Optimized half-sizing of images?
(second try on this message. the fist time I included a test PNG that made it too large) Hi folks, We have a need to to generate half-size version of RGB images as quickly as possible. PIL does a pretty good job, but it dawned on me that in the special case of a half-size, one might be able to do it faster with numpy, simply averaging the four pixels in the larger image to create one in the small. I'm doing tiling, and thus reducing 512x512 images to 256x256, so I imagine I'm making good use of cache (it does get pretty pokey with really large images!) What I have now is essentially this : # a is a (h, w, 3) RGB array a2 = a[0::2, 0::2, :].astype(np.uint16) a2 += a[0::2, 1::2, :] a2 += a[1::2, 0::2, :] a2 += a[1::2, 1::2, :] a2 /= 4 return a2.astype(np.uint8) time: 67.2 ms per loop I can speed it up a bit if I accumulate in a uint8 and divide as I go to prevent overflow: a2 = a[0::2, 0::2, :].astype(np.uint8) / 4 a2 += a[0::2, 1::2, :] / 4 a2 += a[1::2, 0::2, :] / 4 a2 += a[1::2, 1::2, :] / 4 return a2 time: 46.6 ms per loop That does lose a touch of accuracy, I suppose, but nothing I can see. Method 1 is about twice as slow as PIL's bilinear scaling. Can I do better? It seems it should be faster if I can avoid so many separate loops through the array. I figure there may be some way with filter or convolve or ndimage, but they all seem to return an array the same size. Any ideas? (Cython is another option, of course) -Chris Test code enclosed. -- Christopher Barker, Ph.D. Oceanographer Emergency Response Division NOAA/NOS/OR&R (206) 526-6959 voice 7600 Sand Point Way NE (206) 526-6329 fax Seattle, WA 98115 (206) 526-6317 main reception Chris.Barker@noaa.gov
Hi Chris 2009/8/6 Christopher Barker <Chris.Barker@noaa.gov>:
Can I do better? It seems it should be faster if I can avoid so many separate loops through the array. I figure there may be some way with filter or convolve or ndimage, but they all seem to return an array the same size.

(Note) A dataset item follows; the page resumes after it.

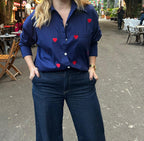 Camisa Gabriela Corazones Azul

Are you willing to depend on SciPy? We've got pretty fast zooming code in ndimage. If speed is a big issue, I'd consider using the GPU, which was made for this sort of down-sampling. Cheers Stéfan
Stéfan van der Walt wrote:
Are you willing to depend on SciPy? We've got pretty fast zooming code in ndimage.
I looked there, and didn't see it -- didn't think to look for "zoom". Now I do, I'll give it a try. However, my thought is that for the special case of half-sizing, all that spline stuff could be unneeded and slower. I'll see what we get. thanks, -Chris -- Christopher Barker, Ph.D. Oceanographer Emergency Response Division NOAA/NOS/OR&R (206) 526-6959 voice 7600 Sand Point Way NE (206) 526-6329 fax Seattle, WA 98115 (206) 526-6317 main reception Chris.Barker@noaa.gov
Christopher Barker wrote:
Stéfan van der Walt wrote:
Are you willing to depend on SciPy? We've got pretty fast zooming code in ndimage.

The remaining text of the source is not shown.